While competing in a team alongside your friends is fun, it can be stressful collecting game fees and organising enough players each week.

With that in mind, we’ve come up with some handy tips to help your team take the stress out of managing and organising themselves.

1. Appoint a Single Manager or Captain
The most organised teams generally have one nominated captain or point of contact. This person is the glue that holds the team together and has to be trustworthy and very reliable. Their key responsibilities are to…
• Always know what the teams game time is
• Oversee team selection, organising enough players to arrive and play, arranging for fill-ins as necessary
• Pay team registration/game fees and collect reimbursement from teammates
• Liaise with competition management
• Nominate for someone else in charge if they become unavailable

2. Get a Facebook Group
A Facebook group for your team eliminates the need for texting or phone calls to organise yourselves. It’s also a great space to spit ball ideas amongst the team, post important announcements and share photos and videos.

A group takes about 5 minutes to set-up and should include all your regular starting players as well as any fill-ins who play for the team on a semi-regular basis. Make sure you make it a “Closed Group”, otherwise outsiders and other teams will be able to see your posts.

Each week, make a post with your game time, tag your preferred line-up so that they see the post and get them to respond as to whether they are available.
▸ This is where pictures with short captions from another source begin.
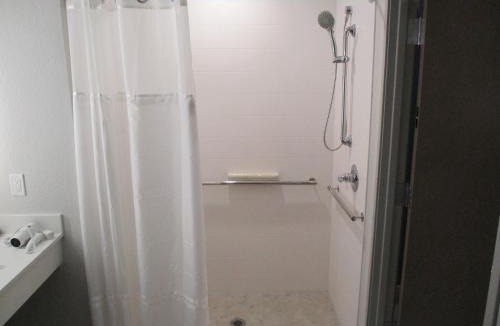 Wills Point Hotel | Merica Inn & Suites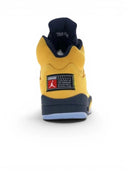 Jordan 5 Retro Michigan 2019 one-kickz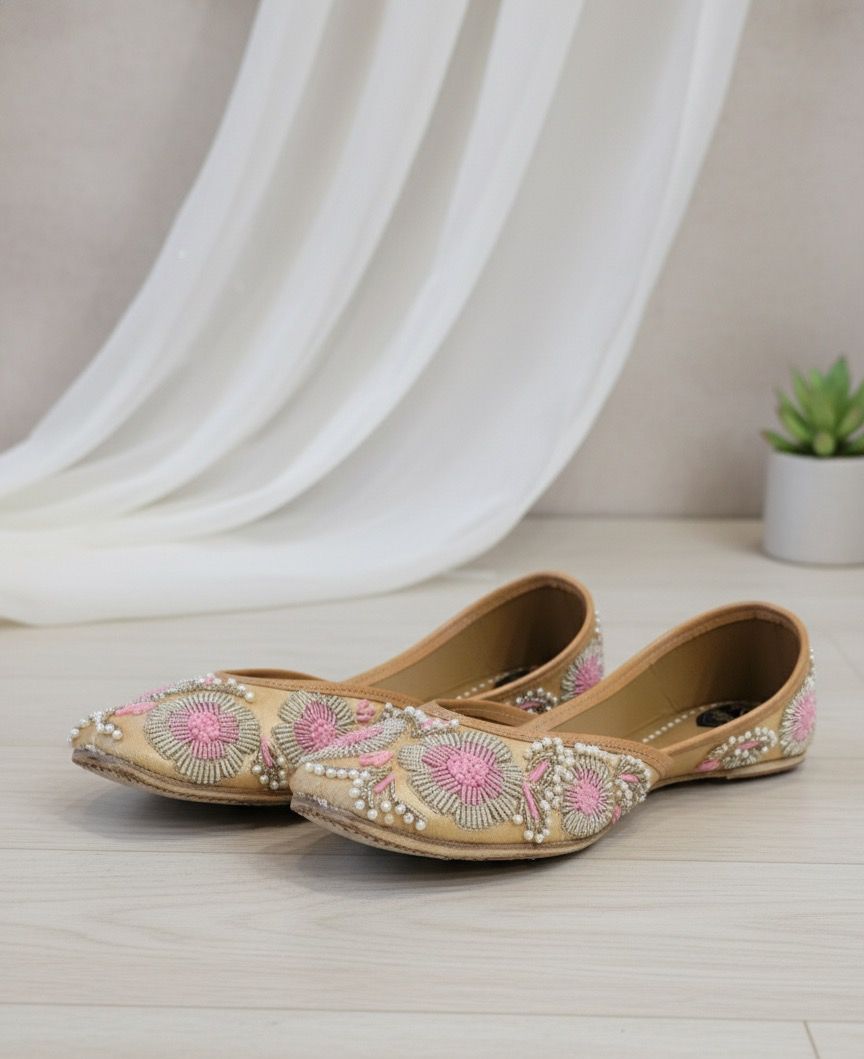Gulabo Pearl Blossom Jutti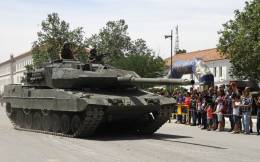 Exhibicin de un carro de combate Leopardo 2E durante una jornada anterior. (Foto Julio Maz)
If anyone can’t make it, you can then ask for a response from a fill-in by tagging them and asking the question.

A group relieves the burden on the team manager as it is transparent to all team members as to how the side is shaping for the coming game, so they can assist early if fill-ins are needed. It also happens that instead of the whole team asking questions of the captain separately, theya re answered for everyone to see at once.

3. Start a Team Fund
Most teams tend to divide the weekly match by the number of players on a particular day and then either pay separately or pass funds to their manager who will then pay. While for the most part this tends to work, it’s a system that can penalise those that do the right thing and show up when the team is short. It can also leave your team manager holding the bag when it comes to registration fees, bonds and forfeit penalties.
It could be a matter of charging an extra dollar per game to start building a fund, or charging the same per head amount whether you have 7 or 8 players. However you do it, make sure you keep track of it and manage it responsibly. Any money that is left over after fees are removed can then be used after team consensus for things such as uniforms or end of season celebrations.
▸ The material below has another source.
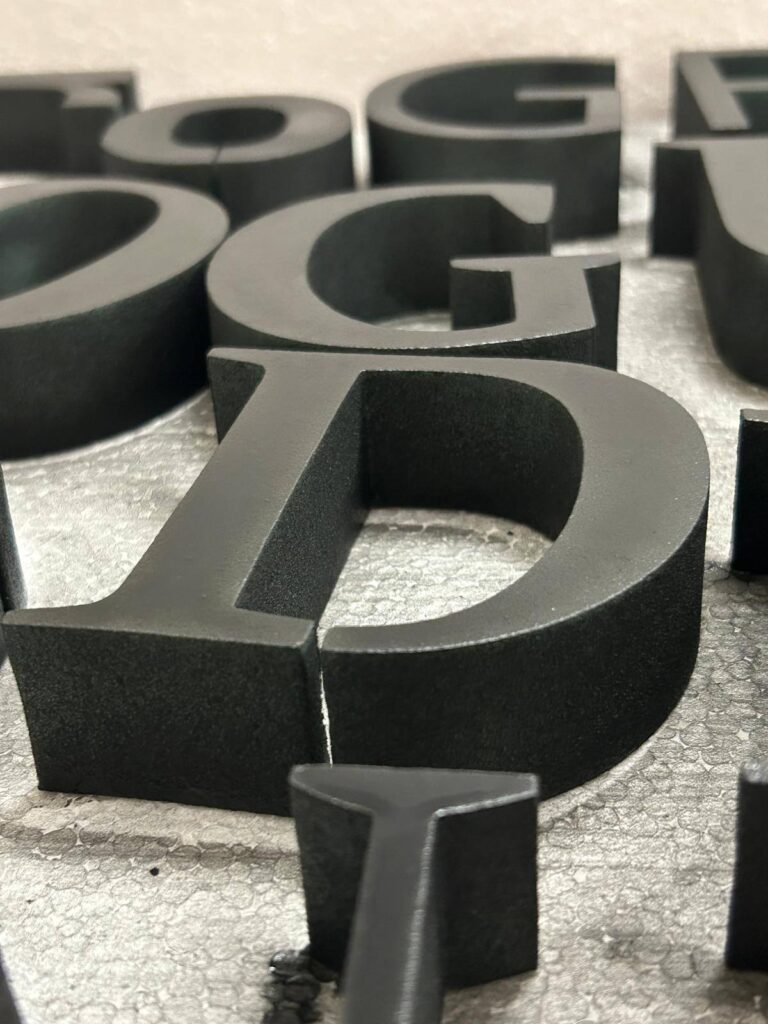Litere polistiren extrudat vopsite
4. Organise at Least 48 Hours Before
It’s best to organise your team at least a few days before your next fixture, this gives you plenty of time to find out who is available and give more notice and response time to potential fill-ins. If it is clear early that you are going to struggle to field a team, you can often organise with your competition management and/or opposition to reschedule the game, potentially avoiding a forfeit and at the very least showing courtesy to those parties.

5. Recruit, Recruit, Recruit
Even the most organised and well networked teams have fixtures where injuries, special events and commitments prevent a large number of players from being available. Then of course, there is the time when multiple players pull out on the day of the game and you scramble for replacements.

The best way to prepare for these situations is to always be adding new players to your team’s network and being resourceful in terms of recruitment. Social media, web classifieds, friends, family and your competition’s management are all great resources for finding players in your hour of need.

There is a natural player attrition rate where people move away, get other commitments, lose interest or what have you. Prevent any issues and always look to get new people involved in your team.